Influenciados por isso, os autores Edwart Bellamy e Pedro José Sulpico de Morais criaram obras idealizando um futuro totalmente utópico e comunista. Na obra de Bellamy, No ano 2000, um jovem rico que vive uma vida cheia de luxos típica da burguesia capitalista do século XIX, através de um letargo medicamentoso, é despertado 100 anos depois por Dr. Leete, um intelectual do futuro que lhe apresenta um novo mundo totalmente igualitário. Nesse futuro, assim como proposto por Marx, o comunismo era a evolução involuntária que veio como resposta aos problemas da sociedade humana. Os salários iguais, casas iguais e apenas com o necessário para se viver e um grande investimento na educação, tudo controlado pelo estado.
“A solução veio como resultado de um processo de evolução industrial, que não podia ser terminado de outro modo. Tudo o que a sociedade tinha a fazer era reconhecer essa evolução e cooperar com ela logo que suas tendências se tornassem claríssimas.” (BELLAMY, s.d, p. 47). “Segundo as nossas idéias, comprar e vender é essencialmente anti-social em todas as suas tendências. É uma educação de ávido egoísmo á custa dos outros, e nenhuma sociedade, cujos cidadãos seja educados em semelhante escola, se pode levantar acima de um grau baixo de civilização.” (BELLAMY, s.d p. 80).
Já no enredo da obra de Sulpico, temos um jovem casal seduzido por um comerciante chamado Sr. John Progresso a testar um remédio que irá lhes fazer dormir e acordar no futuro, mais precisamente no ano 3000. Em toda a história, o leitor é conduzido (juntamente com o casal protagonista) a conhecer o novo mundo e se chocar com as novas mudanças de uma sociedade mais moderna, onde há renúncia às vestimentas desnecessárias, conceito de industrialização fortemente ativo, com uma divisão correta das etapas de produção e as incríveis e tecnológicas máquinas a vapor, e claro para que tudo isso funcione, uma perfeita organização política.

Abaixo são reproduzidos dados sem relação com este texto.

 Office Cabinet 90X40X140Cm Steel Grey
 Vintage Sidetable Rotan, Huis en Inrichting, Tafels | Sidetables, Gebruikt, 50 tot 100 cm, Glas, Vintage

“A ótima lei da divisão da mão dobra tinha sido aplicada à república. Cada nação formava uma só fábrica. Uma fabricava alfinetes, outra graxa para o calçado, e outra para anzóis. O prodígio do princípio da divisão do trabalho está saltando destes três importantes fatos. Cada povo não pensava, não falava, nem estudava senão com referência ao produto da sua fabricação.” (MORAIS, Pedro José Supico. O Mundo no ano 3000 pg. 16).
É bem visível como o futuro retratado nestas obras evidenciam o presente no qual foram escritas. Uma vez que ambos trazem as questões trabalhistas, a temática comunista e etc. Outro ponto interessante de se observar e o fato de como a tecnologia ainda não era extremamente evoluída a ponto de explicar como as personagens principais chegaram ao futuro, ambos utilizam-se do método de letargo medicamentoso, onde algum medicamento simplesmente fez com que elas dormissem e acordassem no futuro. Nesta época, grande parte dos autores não escreviam "crônicas futurísticas", ou seja, imaginar o futuro como algo cotidiano e com personagens que já faziam parte daquele cenário, eles gostavam de criar histórias onde o homem do presente era transportado até o futuro em questão e se chocava com ele, numa tentativa de transportar o o leitor em si, criando livros mais fantásticos e atraindo um público alvo maior. Isso só passaria a ser feito décadas depois, a partir das décadas 20/30, após a popularização do gênero Pulp. Mas isso também já papo para outro post ;).
Referências
SULPICO, Pedro José. O Mundo no ano 3000.
BELLAMY, Edward. No ano 2000: romance em quadros futuro-retrospectivos. Rio de Janeiro: Record, s.d.
GODOY, Leo Otero. Introdução á uma história da ficção científica. 1ª Edição. São Paulo: Editora Lua Nova LTDA, 1987.